Biden, for his part, spun facts and dodged questions.
But the president’s performance Tuesday in Cleveland was in a different league: one of misinformation and misrepresentation.
It included his long-standing allegation that mail-in voting is rigged and fraudulent.
“They found them in creeks. They found some with the name Trump, just happened to have the name Trump, just the other day in a wastepaper basket," Trump said, adding: “Take a look at West Virginia. Mailmen selling ballots. They’re being sold. They’re being dumped in rivers.
While nine military ballots — including seven votes for Trump — were found improperly discarded in Pennsylvania, there is no evidence of widespread fraud.
Nor is there proof to back up claims of ballots in creeks and rivers or mail carriers selling ballots.
A mail carrier in West Virginia in July did plead guilty to fraud for altering eight ballot-request forms, changing five applicants’ parties from Democratic to Republican.
Trump also went after Biden’s son, Hunter: “The mayor of Moscow’s wife gave your son $3.5 million. What’d he do to deserve it?” he said.

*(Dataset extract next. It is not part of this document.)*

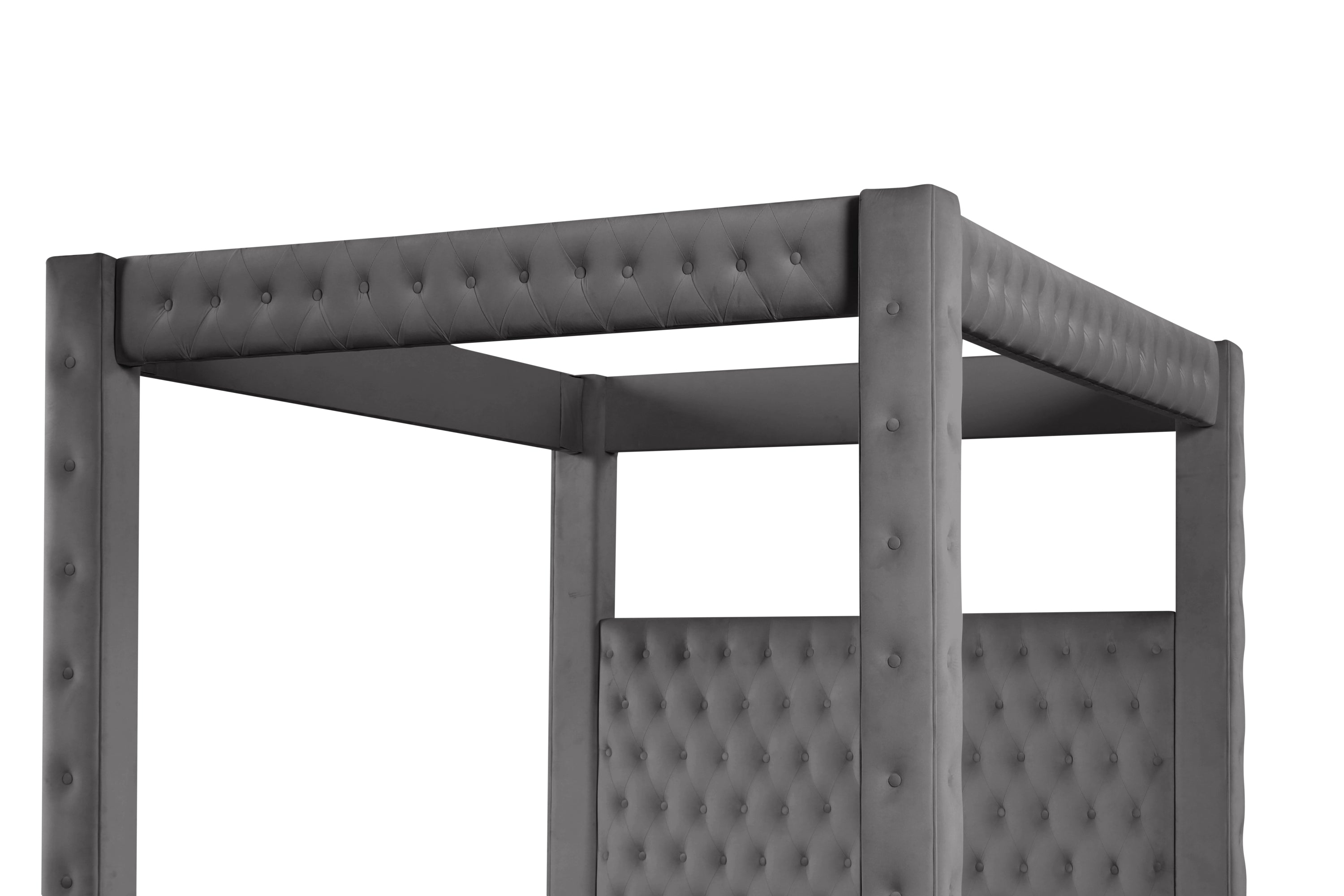 Monica luxurious Four-Poster Queen 4 Pc Bedroom Set Made with Wood in Gray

The alleged transfer to Hunter Biden’s firm was part of a report by Republican-led Senate committees that showed perceived conflicts of interest but no evidence of wrongdoing or impact on U.S. policy.
During the debate, Joe Biden dodged a question on whether he backs expanding the size of the Supreme Court and then exaggerated a stance taken by Trump's recent nominee, Amy Coney Barrett.
“But she’s written before she went on the bench, which is her right, that she thinks the Affordable Care Act is not constitutional," Biden said.
While Barrett questioned the legal premise of Chief Justice John Roberts’ 2012 decision to uphold a tenant of Obamacare, she has not taken a public position on the constitutionality of the whole law.
Meanwhile, Trump was asked about his reported tax avoidance: “I paid millions of dollars in taxes, millions of dollars of income tax,” he said.
A New York Times report found Trump paid just $750 in federal income taxes in 2016 and 2017.
Though he’s said he took advantage of depreciation and credits and his surrogates have noted he pays other types of taxes, Trump hasn't released his tax returns as proof.